Josh Millrod/Shingles, Mugen (Hausu Mountain, 2013)

I've made no secret, here and elsewhere, of my affection for Brooklyn's Grasshopper, and watching EVI player Jesse DeRosa and trumpeter Josh Millrod lay down an annihilating floor set was one of Ende Tymes 2014's great pleasures. Nonetheless, I'm almost more intrigued by what these two get up on a split cassette release on Hausu Mountain, which Millrod handling one side under his birth name and DeRosa filling the flip as Shingles.

On his side, Millrod offers a less bombastic take on the signature Grasshopper sound, feeding an increasing array of repeated trumpet figures - some frisky, some somber - through a gradually deepening thicket of effects over the course of 15 minutes. The frequencies bleed and bristle, and the versions of himself Millrod introduced previously swarm, in concert with the resulting distortion, into something lumbering, belligerent, buzzsaw. Only when a new, searing melody emerges from the flames do you realize you've been played.

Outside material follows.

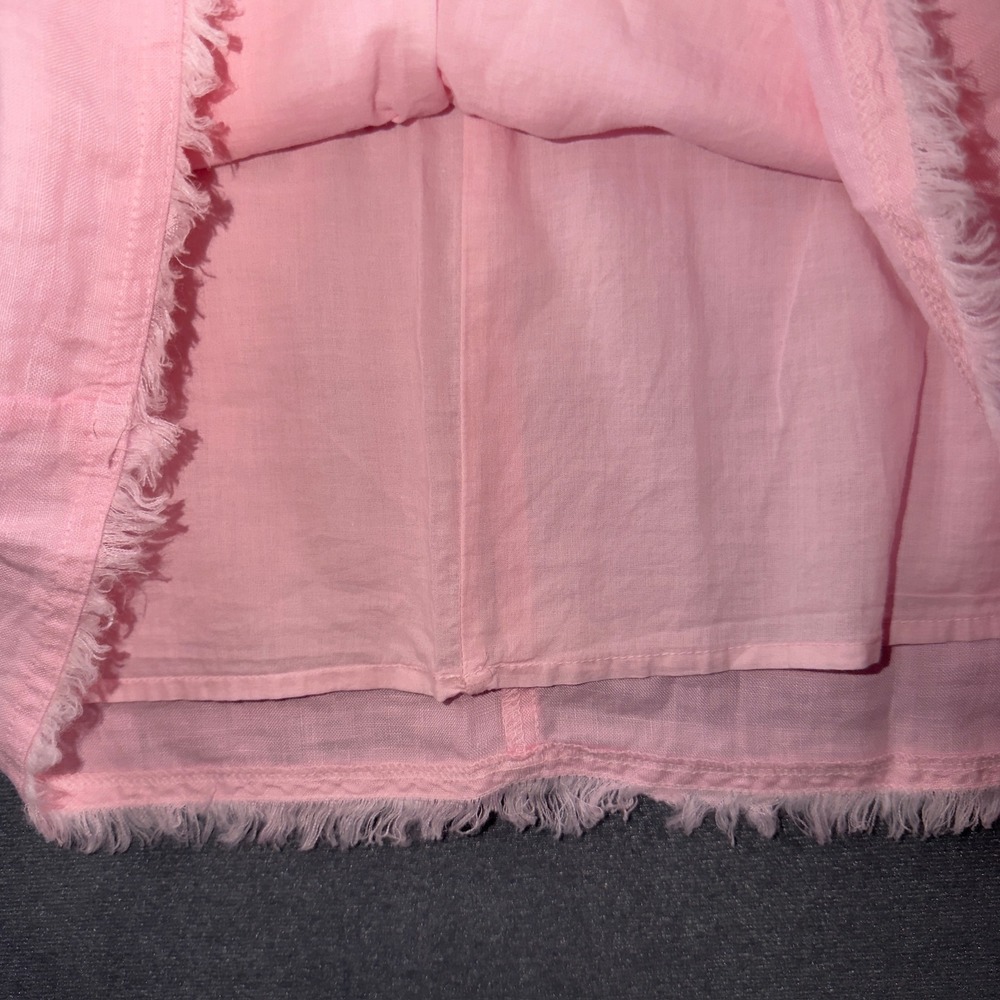 Tommy Bahama Two Palms Ruffle Shift Dress Pink Linen SW621161 Womens XS - Picture 7 of 11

Wrought via Steiner EVI and a Boss looper, the Shingles side boasts a cascading, fountain-of-youth warmth. A friend recently introduced me to Roy Masters' meditation recordings, and this music seems to fit right into that particular mold: bright, radiant waves of tone that overlap and expand in apparent perpetuity. I'm reminded a bit of Laurie Spiegel and very early Boards of Canada. There's something to be said, certainly, for an outlay of positivity with an insidious undercurrent of dread, but this - happily, to my ears, anyway - sidesteps that dread, instead extending an open palm and smiling beatifically.

Diaphragmatic, Fear Biters (Alien Passengers, 2013)

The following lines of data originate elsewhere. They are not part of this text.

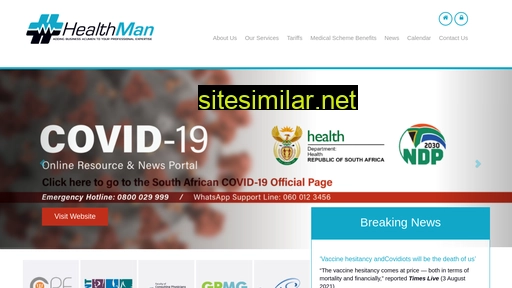 healthman.co.za alternative sites
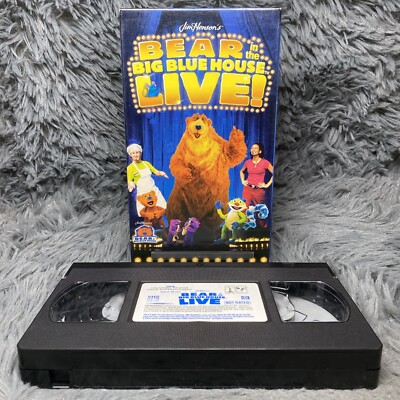 Bear in the Big Blue House Live VHS Tape 2003 Jim Henson Stage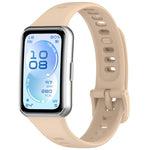 Cinturino per orologio in silicone lucido a tinta unita., For Huawei Band 11 / Band 11 Pro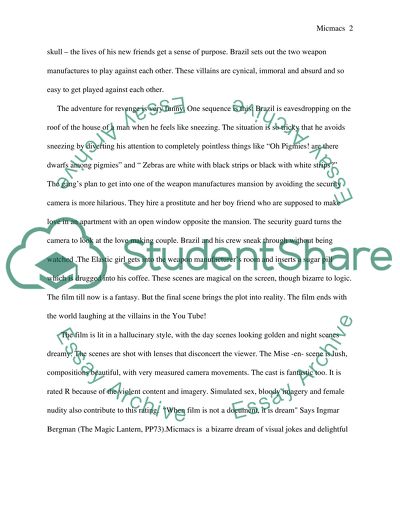 Movie review about MicmacsDirected by Jean-Pierre Jeunet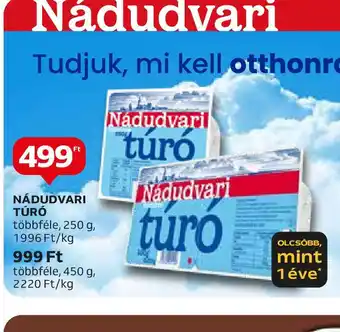 Auchan NÁDUDVARI TÚRÓ 250g ajánlat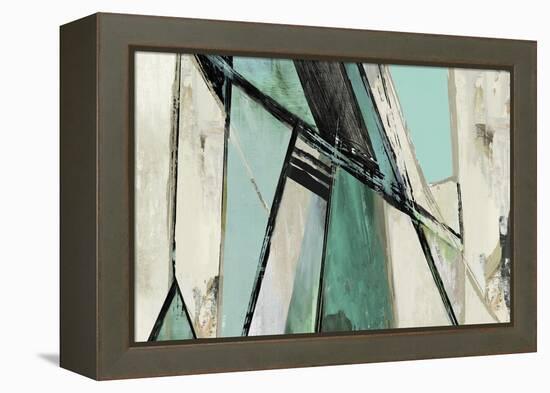 Cool Geometric Teal Version-PI Studio-Framed Stretched Canvas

Diaphragmatic is a project featuring Dayton, Ohio-based Nate Tandy - also of Orgasmic Response Unit and Half Glass - performing "film projector fan and reel-to-reel." If the veracity of the tools used to ply his trade is questionable, the results are anything but. Over the course of 20 burst-knuckle minutes, Fear Biters (Alien Passengers) elbows its way through the maddening crowd and down your gullet with the sort of nonsensical, flayed-septum fury that characterizes early Sightings recordings, where it's impossible for the layman to say where machine and man end and madness begins.

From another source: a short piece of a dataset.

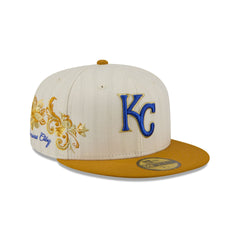 Kansas City Royals Chrome Herringbone 59FIFTY Fitted Hat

If I were inclined to be reductive, I would say that it sounds like a howling Bane keying an interstellar spaceship with a drill bit with too much enthusiasm - but this tape is more complicated and convoluted than that, a squalid, squalling undertow that loiters in a no-wave alleyway for a few minutes before submitting to a whip-lashing torrent of scrapes, heaves, and wreckage - borne, possibly, of a godforsaken guitar, then misshapen via electronics - with inhuman utterances stewing along in volcanic anti-harmony. The only fault to be found: Side B of this thing is blank, as though Tandy were daring the listener to dare, just to dare, motherfuckers, to step to his world-ending Side A game.